7. Answer: -1 or -3. Square both sides: $2x + 6 = (x+3)^2 \rightarrow 2x + 6 = x^2 + 6x + 9$. Rearrange: $x^2 + 4x + 3 = 0$. Factor: $(x+3)(x+1) = 0$. Check for extraneous solutions: Both work.
8. Answer: 9. The y-intercept of $f(x)$ is $f(0) = 4(0) - 7 = -7$. Since $g(x) = f(x) + k$, its y-intercept is $-7 + k$. Set $-7 + k = 2$, so $k = 9$.
9. Answer: The half-life of the substance. In the form $a(0.5)^{\frac{t}{h}}$, $h$ represents the time it takes for the substance to reduce by half.
10. Answer: 13. To find $f(1)$, we need $x-2 = 1$, which means $x = 3$. Substitute $x=3$ into the expression: $3(3)^2 - 5(3) + 1 = 3(9) - 15 + 1 = 27 - 15 + 1 = 13$.

5. **Quick Quiz**

6. **Frequently Asked Questions**

What is the difference between $f(x) + k$ and $f(x + k)$?

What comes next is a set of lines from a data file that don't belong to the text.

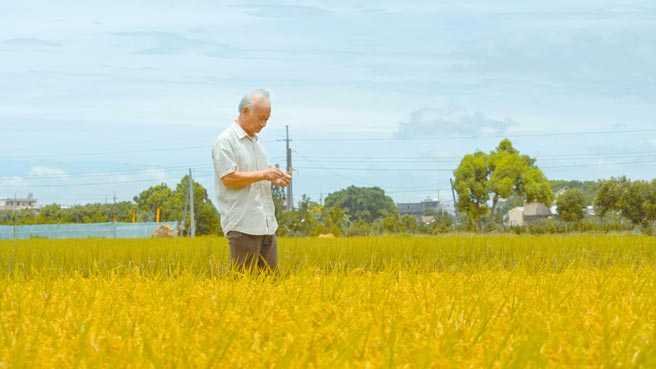 吳晟在《他還年輕》片中表現詩人對土地與文學的堅持。（目宿媒體提供）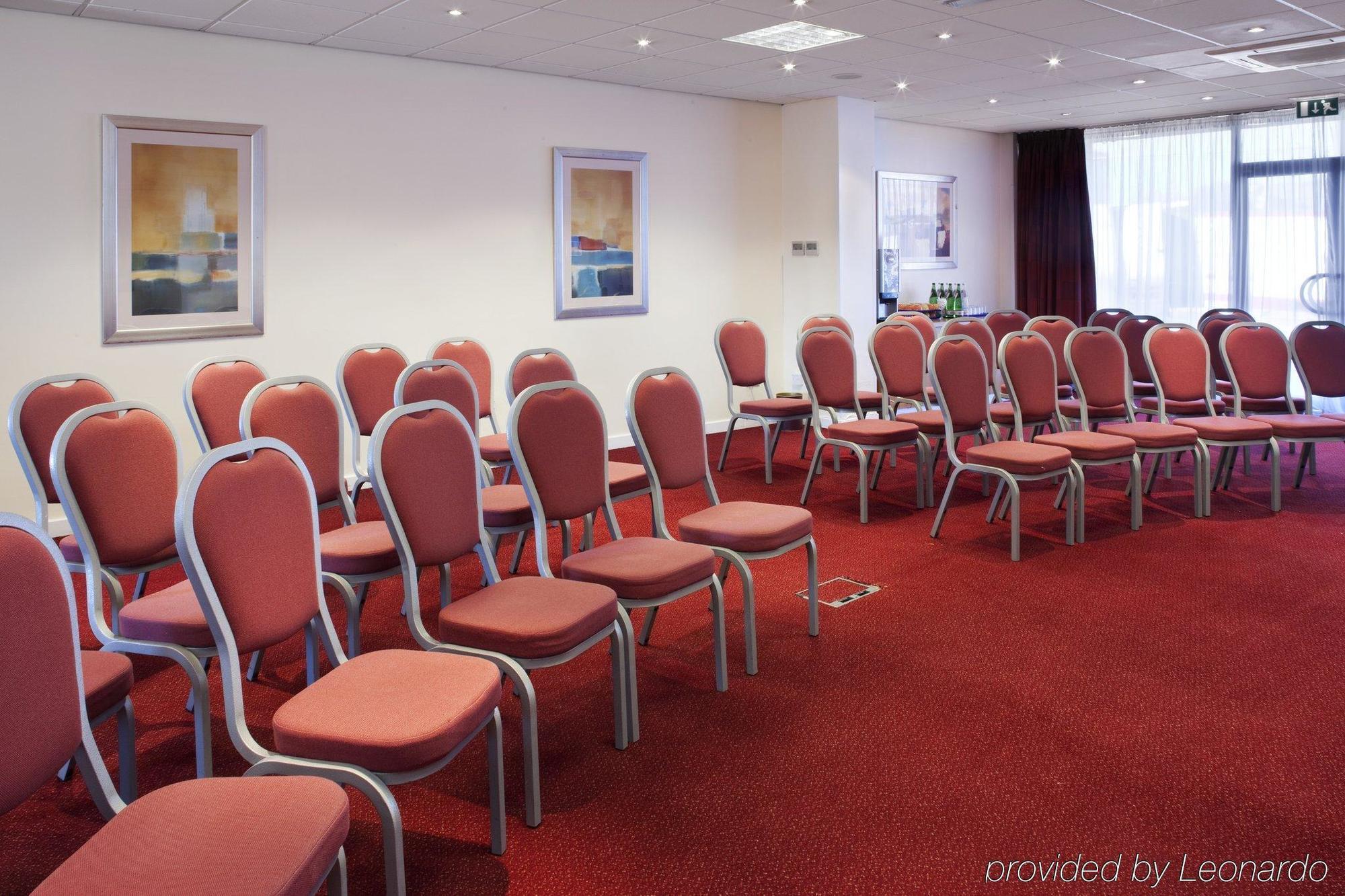 Holiday Inn Express Park Royal By Ihg London Facilities photo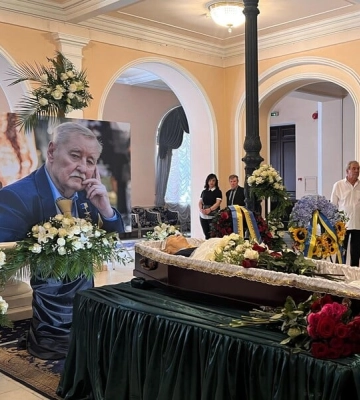 В Киеве прощаются с композитором, Героем Украины Игорем Покладом. Фото В Киеве прощаются с композитором, Героем Украины Игорем Покладом. Фото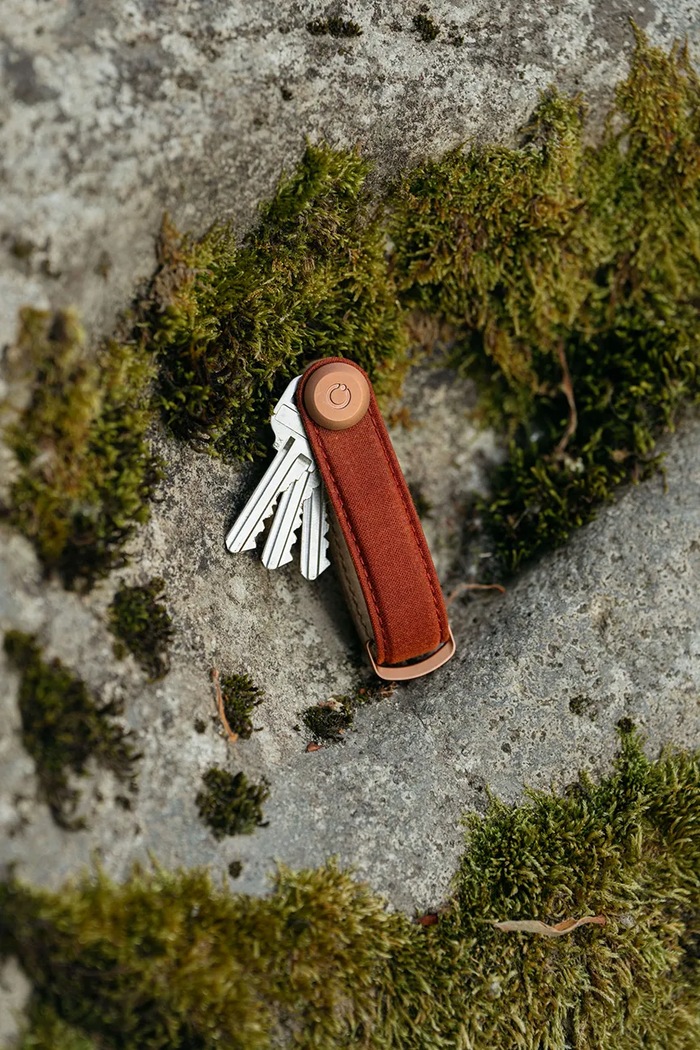 Obal na klíče Orbitkey Waxed Canvas 8,5 cm červená KWC2.BRD.107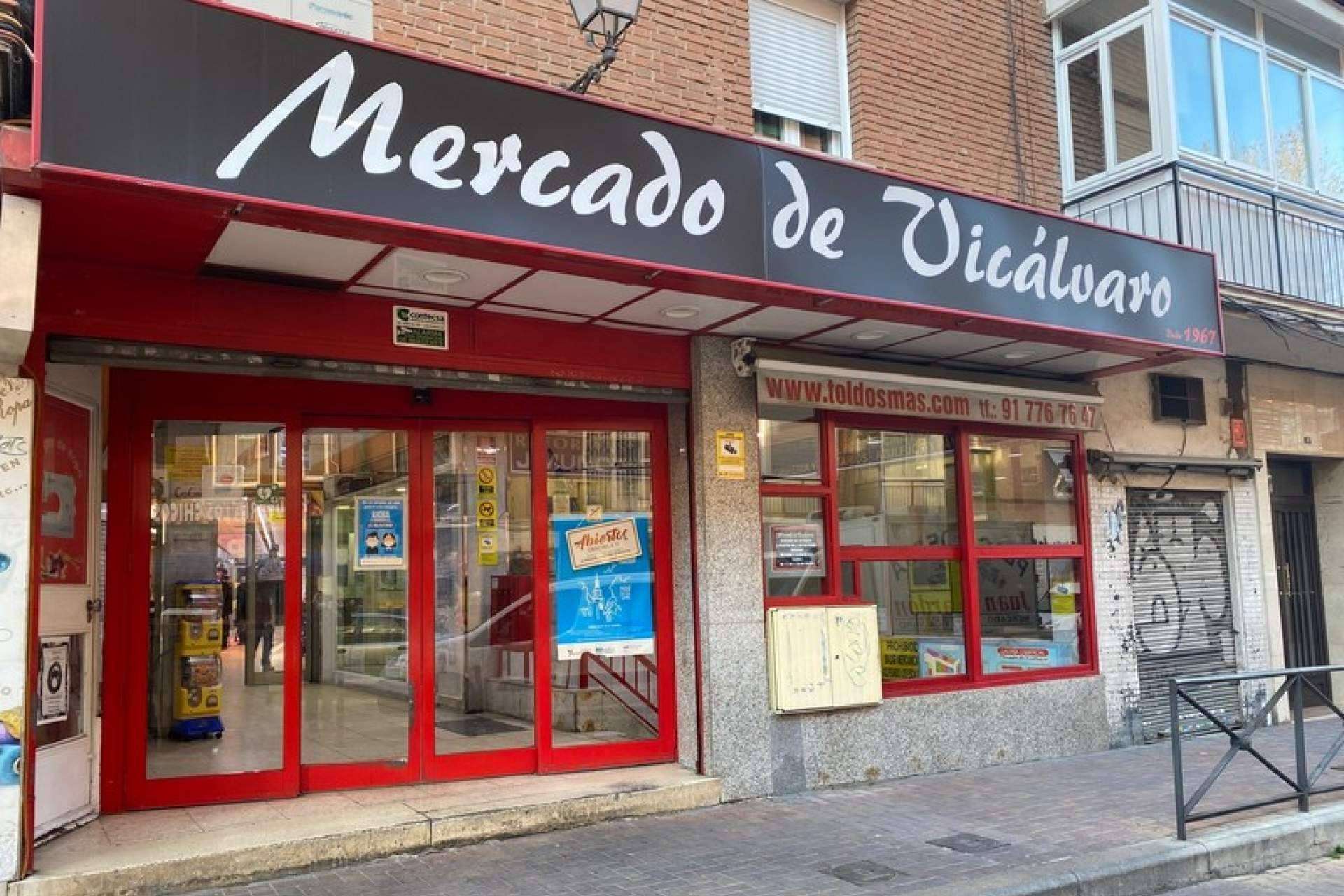 Los Frescos del Barrio se consolida como la alternativa del mercado de Vicálvaro para fomentar el consumo de proximidad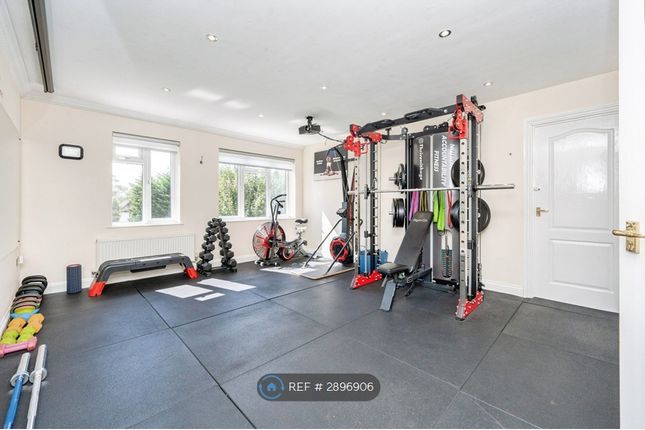 Saxton Mews, Dellfield Close, Watford photo 3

$f(x) + k$ represents a vertical shift of the graph by $k$ units, while $f(x + k)$ represents a horizontal shift to the left by $k$ units. Understanding this distinction is vital for solving transformation problems on the SAT.

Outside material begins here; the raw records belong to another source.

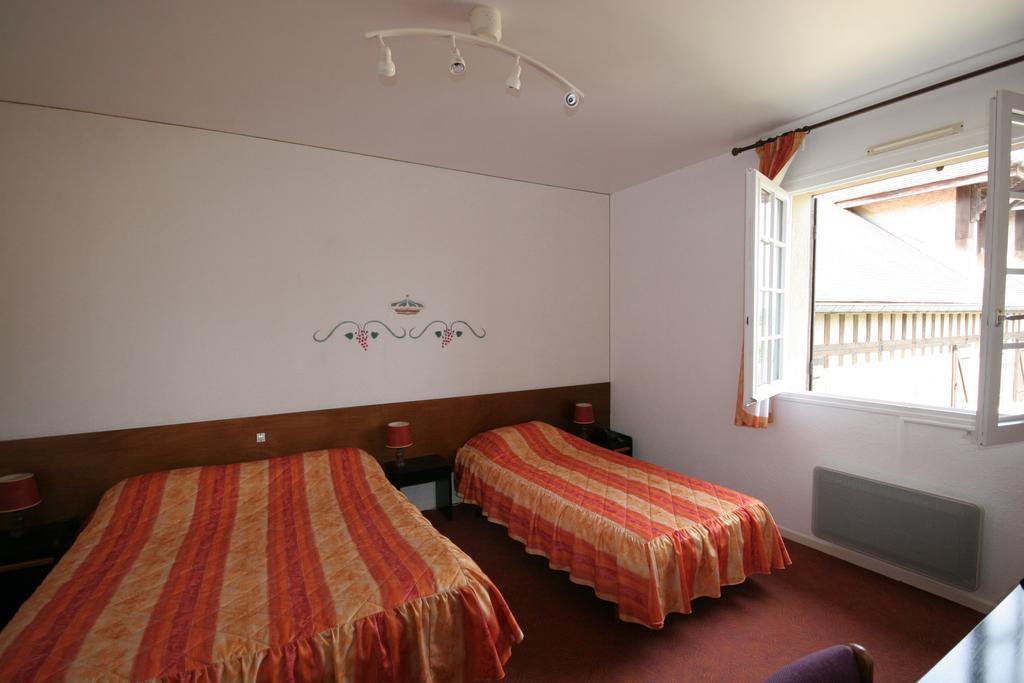 Logis Hotel Relais Paris Bale - Restaurant La Mangeoire Montieramey Εξωτερικό φωτογραφία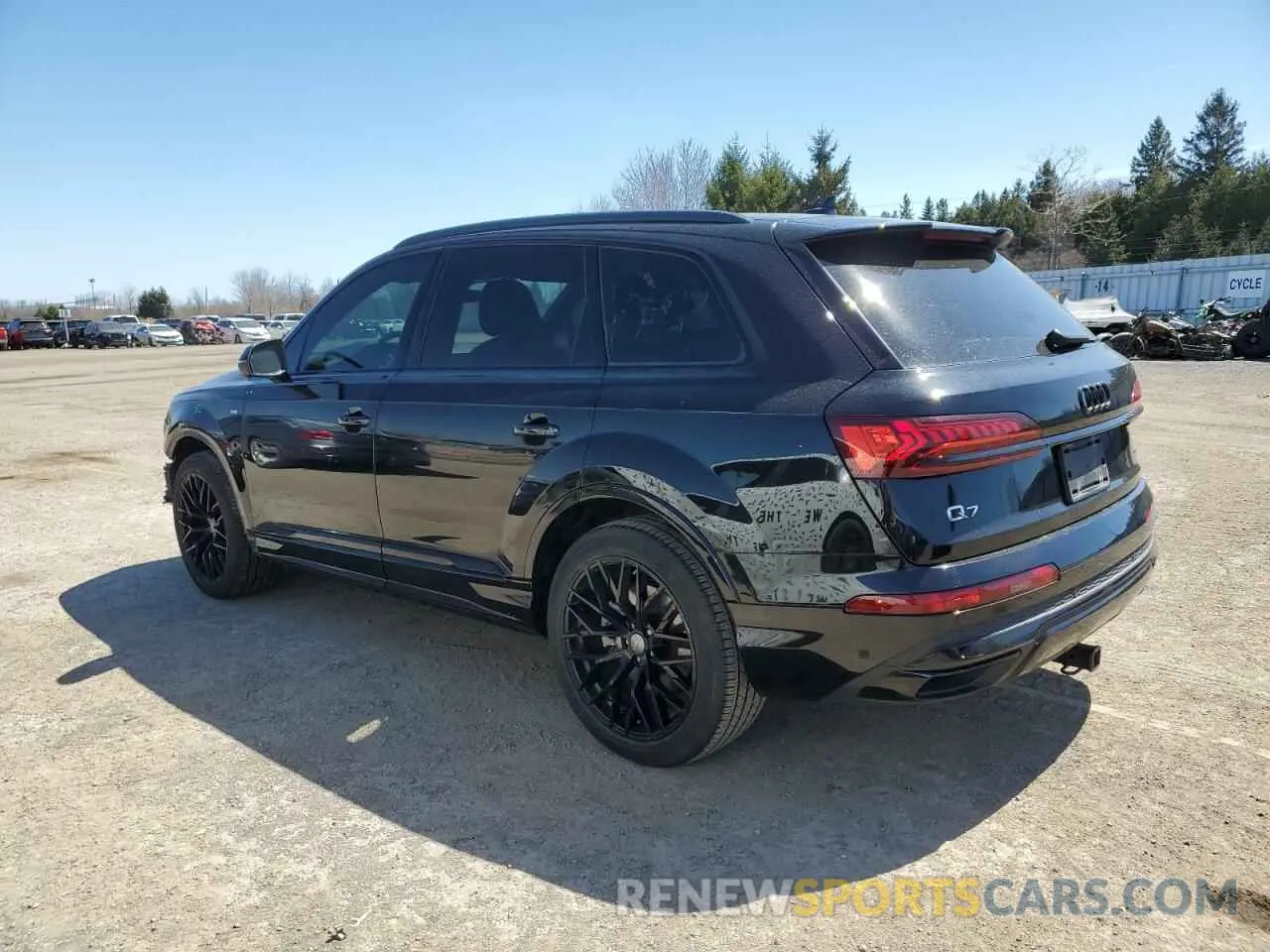 2 Photograph of a damaged car WA1MXBF78ND013103 AUDI Q7 2022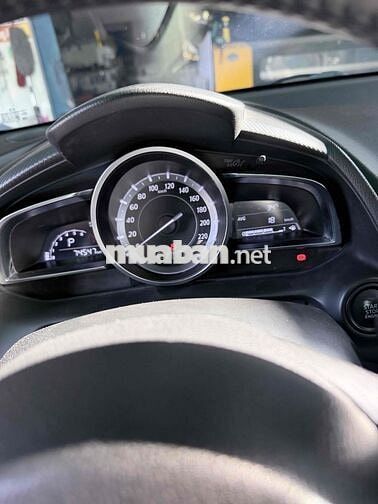 Mazda 2 Trắng 5 chỗ Số tự động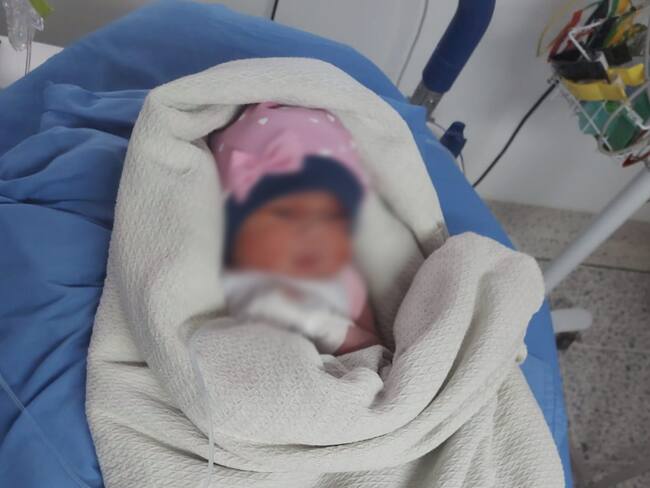 La Policía rescata a una bebé recién nacida que fue abandonada al sur de Bogotá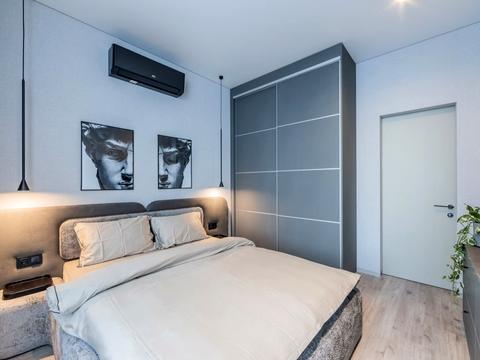 квартира по адресу Андрея Верхогляда ул. (Михайла Драгомирова), 11-В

How do I find the zeros of a function?

To find the zeros of a function, set $f(x) = 0$ and solve for the variable $x$. These values represent the x-intercepts where the graph crosses the horizontal axis.

What is a composite function?

A composite function, written as $f(g(x))$, is an operation where the output of one function becomes the input of another. You should always evaluate the inner function first before applying the outer function.

Can a function have more than one y-intercept?

No, by definition, a function can only have one y-intercept because each input ($x=0$) can only map to exactly one output. If a graph has multiple y-intercepts, it fails the vertical line test and is not a function.

How does the SAT test exponential functions?

The SAT often asks you to interpret the constants in an exponential growth or decay model, such as $$y = a(b)^x$$. In this model, $a$ is the starting value and $b$ is the growth factor (where $b > 1$ is growth and $0 < b < 1$ is decay).